Fromm-Reichmann, a maverick psychiatrist who accomplished what Freud and almost everyone else deemed impossible—the successful treatment of schizophrenics and other psychotic patients through psychotherapy—descended from a distinguished Orthodox Jewish family in Germany. Born in 1889, she built a successful career in Heidelberg, married and separated from Erich Fromm, the German-born psychotherapist and author (and her former patient), and was then forced to flee Nazi Germany in 1933. After two years of exile in France and Palestine, she came to the United States, where she was quickly recognized for her work in helping to establish Chestnut Lodge. She died in 1957, a legend in the psychiatric world.

For eleven years Hornstein pursued the painstaking task of unearthing information about Fromm-Reichmann's life. The executor of the psychotherapist's will had kept most of her correspondence and other records away from researchers; they remain sealed today. Erich Fromm rebuffed requests for information from a dozen other would-be biographers before his own death in 1980. Even the many friends, colleagues, and patients Hornstein interviewed politely withheld details about the elusive Fromm-Reichmann. “Forty years after her death, she continues to exert a powerful influence over those she knew,” says Hornstein. But Hornstein succeeded in obtaining access to documents from Chestnut Lodge, including invaluable taped recordings of Fromm-Reichmann's therapy sessions with several schizophrenic patients.
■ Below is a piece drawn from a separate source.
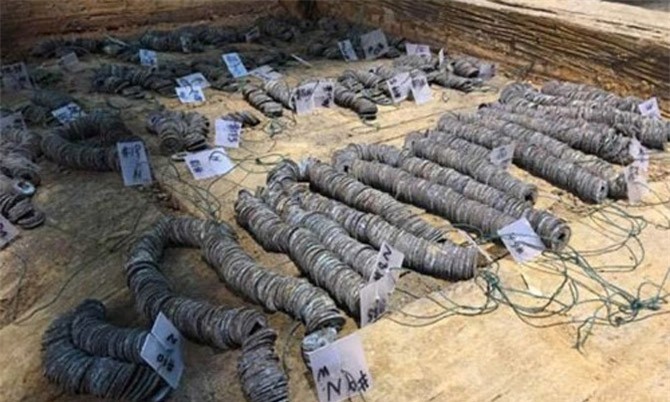 Bí ẩn trong ngôi mộ hoàng đế hoang dâm bậc nhất Trung Quốc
She also corresponded extensively with Fromm-Reichmann's niece, who lives in Israel, and who provided crucial assistance in reconstructing the clinician's early life in Germany before the war.

During World War I, Fromm-Reichmann transformed a German military hospital into a pioneering center for the treatment of brain injuries. Her expertise in neurology, says Hornstein, gave her a special perspective on mental illness. Eschewing traditional treatment methods, such as shock treatment and lobotomy, Fromm-Reichmann put her faith in the reparative nature of long-term therapy, which had been shown to help even those suffering from disorders long considered incurable.
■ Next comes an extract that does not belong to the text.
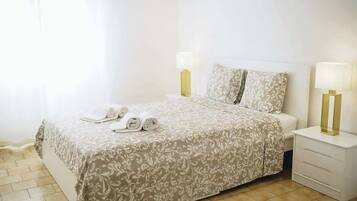 2 chambres, fer et planche à repasser, Wi-Fi, draps fournis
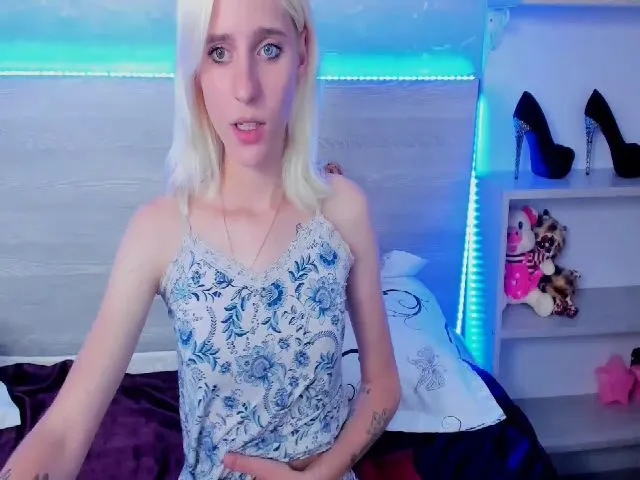 Live sex webcam photo for YourSunnBaby #274377672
The notion of repair relates directly to Hornstein's book title, which is a translation of “tikkun,” a core principle of Jewish ethics. This emphasis on the value of every human life was to guide Fromm-Reichmann, who “took it as her responsibility to preserve and respect each patient's humanity.” Hornstein emphasizes, however, that the celebrated clinician had “no omnipotent fantasy”; despite her successes, she never expected to cure patients whose illness had reached the chronic stage. Nonetheless, she has been mythologized as the heroic healer of I Never Promised You a Rose Garden and is accurately recognized as courageously pioneering a new methodology.
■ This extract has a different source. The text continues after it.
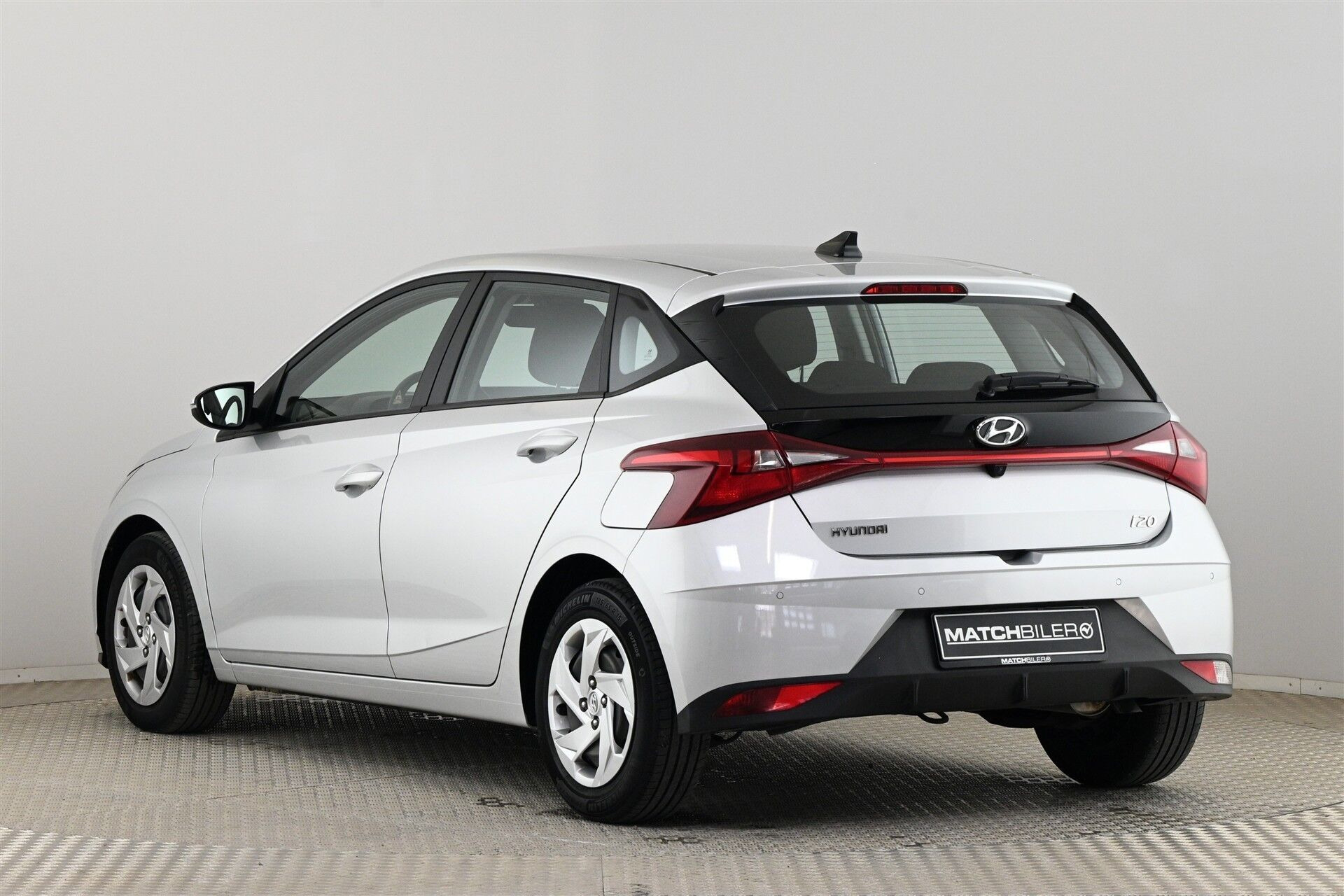 Sølv Hyundai i20 fra 2022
While Hornstein succeeded in gaining enough information to support a substantial biography, she had actually set out to write a very different book—an account of the use of psychotherapy with schizophrenic patients, “a piece of psychiatric history that was curiously absent.” But ten years into the project, she realized that she could best realize that goal by “bringing back the person who embodied” that approach. Fromm-Reichmann's work at Chestnut Lodge documented the “purest” form of this treatment, and Fromm-Reichmann, it seemed to Hornstein, was the rightful protagonist of the tale. To Redeem One Person Is to Redeem the World pays homage to Fromm-Reichmann's achievements, while turning the icon back into a real person and restoring an important chapter to the history of psychiatry.